There is a strong moral element, because it is largely about David Winter, a composer, and his wife Mary, who is having an affair with their family doctor. So we are set up to see David as an innocent figure
The show draws heavily on the idea of the witch figure in the shape of Lucinda the 300 year dead witch who appears back in her old home suddenly. It makes an interesting use of the witch figure, which is far from a straightforward evil witch depiction: she has already been innocently killed so we feel sympathy for her, however she also does a number of things to David which are a clear depiction of the classic evil witch. She seduces David so that we continue to see him as innocent.
The ghostly element of the plot is rather subtle.

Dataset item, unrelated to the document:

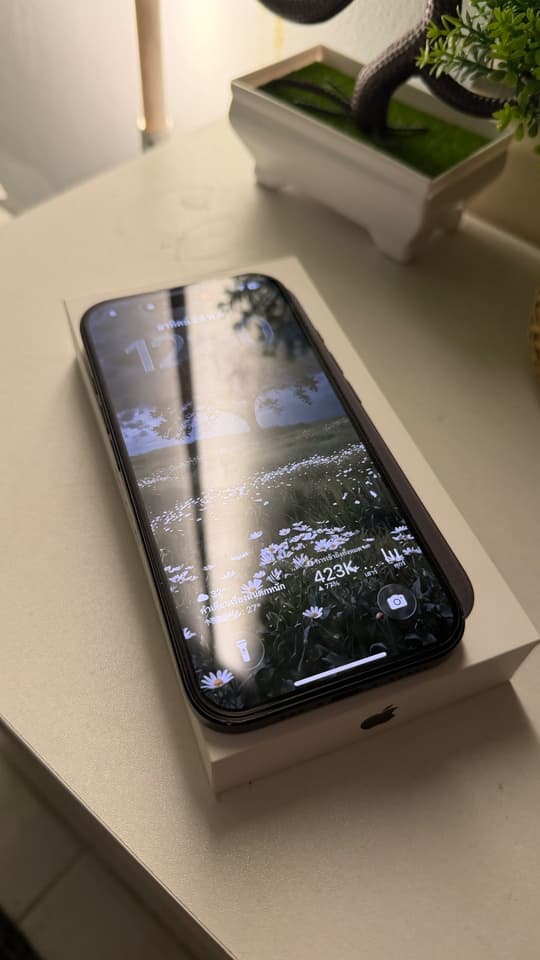 iPhone 16 256GB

The point is repeatedly made that Lucinda has died three centuries ago, but this is far from your standard ghost story and she's not your standard ghost. The fact that she makes David have sex with her (try not to think about the idea of sex with someone who has been dead 300 years) draws on the idea of the succubus, a female spirit who seduces men.

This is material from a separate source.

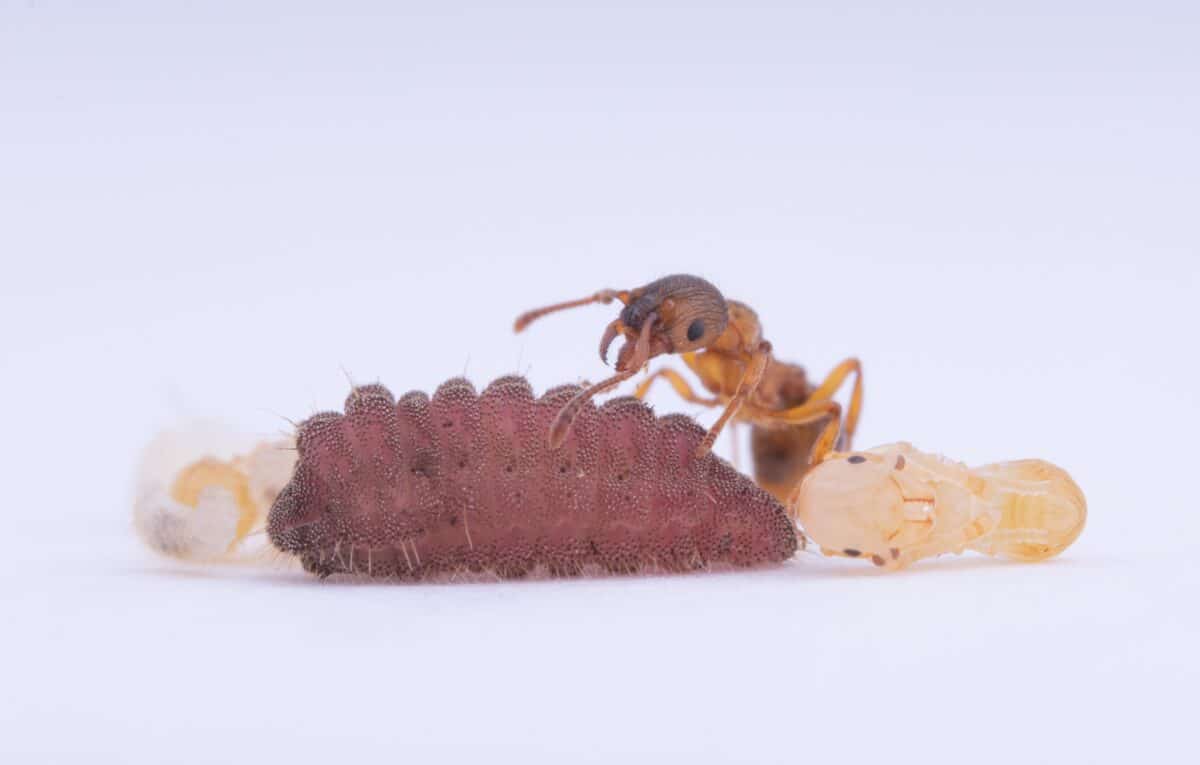 ant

There is also a lot about women and a feminist reading of this show would be interesting. At the time this was written, although they were never academically accepted, a lot of popular ideas about the 'witches' killed in the witch hunts were circulating in second wave feminism and in the neo-Pagan movement. There isn't a hint of the idea that the witches killed in the witch hunts were part of a previous ancient Pagan religion, so the feminist interpretation fits better. In this interpretation the 'witches' were seen as an embodiment of female power (and particularly female healing) and so the witch hunts were seen as specifically a patriarchal persecution of women's power. In this show this is twisted slightly because what we see is two women in conflict, and the one who isn't the witch wins. The woman who models duplicity wins and the one who has already been innocently killed, despite the ambivalence, loses again. Lucinda does enchant David to have sex with her, so in a feminist reading, the patriarchal point being made is that women are seducers and temptresses who can't be trusted. This is even seen in the two scenes where David locks up Mary and Lucinda - the man is taking control of the woman's dangerous power to seduce. David as much as says to Mary that she is the one who should have been burned, but even this is the result of Lucinda's spell.

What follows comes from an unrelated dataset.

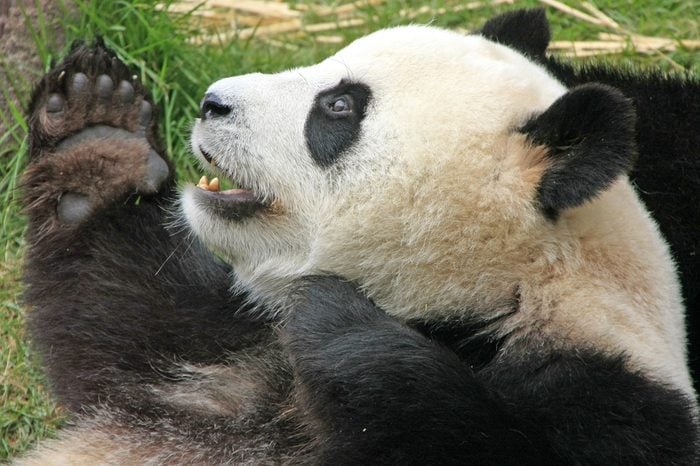 Giant panda bear (Ailuropoda Melanoleuca), China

This show is genuinely so layered. You might question that it is mixing and changing so many different
There are two questions I have about the plot, though. The first may of course be intentional and it is that it is never explained really why or how Lucinda has come forward in time. There are several suggestions that it is because of Mary's affair, however this leads to my next question about the plot, which is that despite this inference, there is a sort of moral failure because far from being avenged, Mary actually 'kills' Lucinda, so in fact the person having the affair has 'won' and there is no apparent moral reason for the witch to appear. This is even without the question that she is, actually, dead, and can appear and disappear apparently at will, which makes all she does slightly difficult to envision practically.
Nonetheless this is a solid introduction to the series. What I particularly love about it is the wealth of seventies hot topics twisted slightly and moved to the eighties. 1980 exactly, admittedly, but it's noticeable that this show looks quite a lot different from the porridge colours found in early seventies TV. In true seventies style there is LOADS of sex and nudity - only the vicar manages to keep his clothes on, and as you know I love a show with sex and nudity.
My absolutely favourite bit is where Lucinda says 'I was born in this house in the year 1627.' - I know exactly how she feels.